La guerre n’a pas un visage de femme, de Svetlana Alexievitch

Oui, je n’avais pas encore lu cet ouvrage emblématique de son œuvre ! (c’est le premier livre qu’elle a publié) Je m’y suis enfin collée cet été et je ne le regrette pas. Encore une très belle œuvre (nécessaire).

Dans ce livre, l’autrice a rassemblé des témoignages de personnes qui ont été essentielles pour la bonne marche de l’Armée rouge (celle de l’URSS) mais qu’on a cherché à faire taire et à effacer : les femmes. De plus, l’autrice avait une idée bien en tête : les laisser parler de leur guerre à elles, pas forcément le vécu des hommes et encore moins les faits. Il y a déjà beaucoup de livres sur ces éléments-là, ça devrait aller. Elle a passé sept années (il a été publié en 1985) à recueillir ces témoignages de femmes (vive le bouche à oreille). Ça n’a pas toujours été facile… Elles ne souhaitaient pas toutes parler, et même quand c’était le cas, elles n’ont pas tout dit, certains sujets sont passés sous silence (les viols au sein de l’Armée par exemple, qu’une femme a osé dévoiler rapidement).

Bien évidemment, son livre a été censuré dans son propre pays (citation d’une conversation avec un censeur) :

– Oui, la victoire nous a coûté bien des souffrances, mais vous devez chercher des exemples héroïques. Il s’en trouve par centaines. Or vous ne montrez de la guerre que la fange. Le linge sale. Avec vous, notre Victoire devient horrible… Quel but poursuivez-vous? – Dire la vérité. – Et vous pensez que la vérité, vous allez la trouver dans la vie ? Dans la rue ? Sous vos pieds ? Pour vous, elle est aussi basse que ça ? Aussi terre à terre ? Non, la vérité, c’est ce dont nous rêvons. Ce que nous voulons être !

Ce censeur est assez injuste, je trouve, car toutes les filles sont parties au front pour l’amour de la Patrie, elles ont sacrifié leur jeunesse et les relations avec leur famille pour ça, on ne les a forcées à rien. Il faudrait quoi pour que ce soit « plus beau » selon lui ? Ne rien savoir de toutes les difficultés que ça a engendré pour elles, j’imagine.

Je l’ai trouvé un tantinet moins bien que les deux autres que j’ai lu (mais je ne saurais pas expliquer pourquoi), et pourtant, il est bien structuré. Elle n’a pas balancé les témoignages au hasard, vous verrez bien si vous le lisez.

Svetlana Alexievitch a rencontré différentes femmes avec des métiers multiples, et sûrement pas aussi héroïques que ce qu’espérait sûrement le censeur. Oui, il y a eu des combattantes (tireuses d’élite, sapeuses, soldates, etc) mais aussi des rôles qu’on considère annexes mais sans ceux-là, la guerre aurait été bien plus dure et aurait eu un autre visage : brancardières, agentes de liaison, infirmières, cuisinières, etc.

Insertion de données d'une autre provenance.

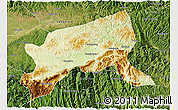 Physical 3D Map of Xixiang, satellite outside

On pourrait penser que seuls les gens extraordinaires ou anormaux ont pu endurer toutes ces épreuves, mais non, c’étaient des écolières de la veille, des étudiantes, des fillettes qui n’avaient encore jamais quitté leur maison. Comment ont-elles fait ? Comment ?

Ce que le censeur reprochait à l’autrice, c’est d’avoir récolté des témoignages qui racontent la dureté de la vie, comme le transport, la difficulté de la vie quotidienne (la boue, le manque de nourriture, les conditions extrêmement précaires d’hébergement, etc), le choc psychologique qu’entraîne la guerre, sa cruauté, le sang qu’elle verse. Mais vous objecterez que ce sont des choses que les hommes vivent aussi durant la guerre. En effet. Ce qui rajoute une plus-value « féminine » à ces récits, c’est que ce sont les récits de femmes cis et qu’il y a eu des éléments de difficulté purement liés à la sexualité dite « féminine » (les règles par exemple, elles devaient souvent se débrouiller avec les moyens du bord – souvent des morceaux de tissus absolument pas adaptés pour ça) et à l’éducation genrée féminine (notre prétendue infériorité sur le plan physique mais aussi psychologique, et l’amour qui serait impossible avec une femme qui s’est battue). Sans compter que leur expérience sociale de femme les fait considérer les choses différemment (on voit ça avec les animaux et la flore notamment). Je ne fais que donner des exemples, c’est bien plus vaste que ça.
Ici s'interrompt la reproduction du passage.